If you are anything like me then you have often found yourself standing in the clothing store, trying to decide whether there can possibly be any point in spending so much more for an article of clothing which looks the same and is going to fulfil the same function. Most of us don’t invest too much thought in the quality of our underwear, and people are sometimes shocked when they are confronted with the price tag of high-quality woollen thermals. It is not uncommon for Merino wool underwear to cost several times as much as their synthetic counterparts. The question: is wool worth the extra money?
Let’s have a look at a few quick points to help you decide whether wool is worth it to you!
Smell: funny to start a list with “smell”, but it’s a genuine issue with thermals! Synthetic thermal underwear is known to start smelling within the day or two whereas wool thermals can be worn for a long time without washing/rinsing – some people get up to two weeks out of their wool thermals without the need to wash them to remove smell. Ideal if you are hiking or travelling. And wool doesn’t retain a body odour smell after washing the garment, either, whereas many synthetic garments, once smelly, never wash completely odourless ever again.
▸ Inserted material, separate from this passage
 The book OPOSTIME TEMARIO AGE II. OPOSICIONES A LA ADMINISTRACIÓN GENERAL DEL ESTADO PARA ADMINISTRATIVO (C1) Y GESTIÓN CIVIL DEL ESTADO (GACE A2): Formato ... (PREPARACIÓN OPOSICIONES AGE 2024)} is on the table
Wool fibres allow moisture to pass through without first condensing, unlike synthetic fabric which requires moisture to condense first. Practically, this means that when you start to sweat, wool thermal underwear will allow your body to “breathe” away the moisture before you start feeling wet, whereas synthetic thermal underwear won’t begin to wick away moisture until your sweat actually starts to form as water on the surface of your skin. This means that you will stay warmer wearing wool thermal underwear, especially if you are following outdoor pursuits in a cold climate where the air temperature around you isn’t warm enough to evaporate your sweat.
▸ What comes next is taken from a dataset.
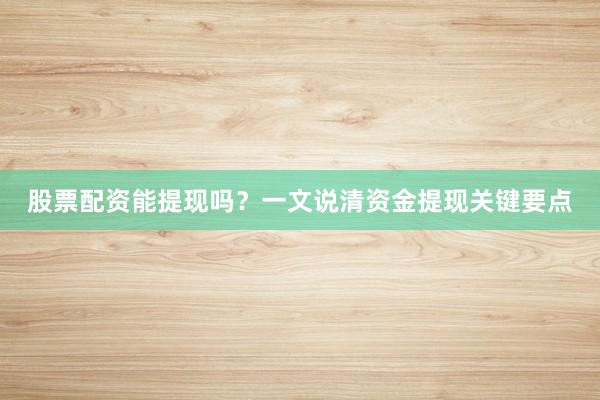 股票配资能提现吗？一文说清资金提现关键要点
How fast can you dry them?
Synthetic thermal underwear may sometimes dry faster. This is because the fibres are not porous, so the water squeezes out from between the threads and the garment may dry more quickly than wool. However, wool thermals are woven very finely and will not take much longer to dry than synthetic, and then you have the benefit of their keep-warm properties whilst wearing (see Wicking, above).
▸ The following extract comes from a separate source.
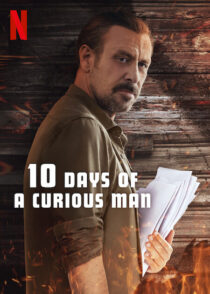 دانلود فیلم 10 Days of a Curious Man 2024453784-358348648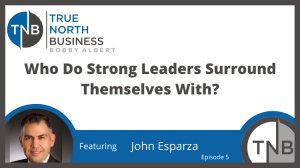 Who Do Strong Leaders Surround Themselves With?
What’s better for cold weather or hot weather?
Synthetic thermal underwear is known to work all right – in cold weather. But for an all-weather lightweight base layer, you can’t get past Merino wool. The finely knitted fabric of Merino wool base layers make the garments ideal for any weather. They “breathe” moisture in hot weather and keep you cool just as equally as they will wick moisture in cold weather and keep your warmth in! They are the perfect all-purpose garment to have with you when travelling, as you can wear them in all temperatures and terrains. T-shirt style base layer Merino wool “thermals” also look fine and stylish enough to wear in hot weather without any other layers on top – whereas synthetic thermals tend to look ratty faster after only a few washes, and you wouldn’t dream of wearing them out on the town with nothing over them! The Bedouin traditionally wear wool garments to keep them cool in the heat of the day and warm in the cool of the night in the desert.
Wool thermal underwear wins hands down in the static issue. Synthetic fibres build up static; wool fibres do not. If you hate clothes crackling with static, you have to go for the wool!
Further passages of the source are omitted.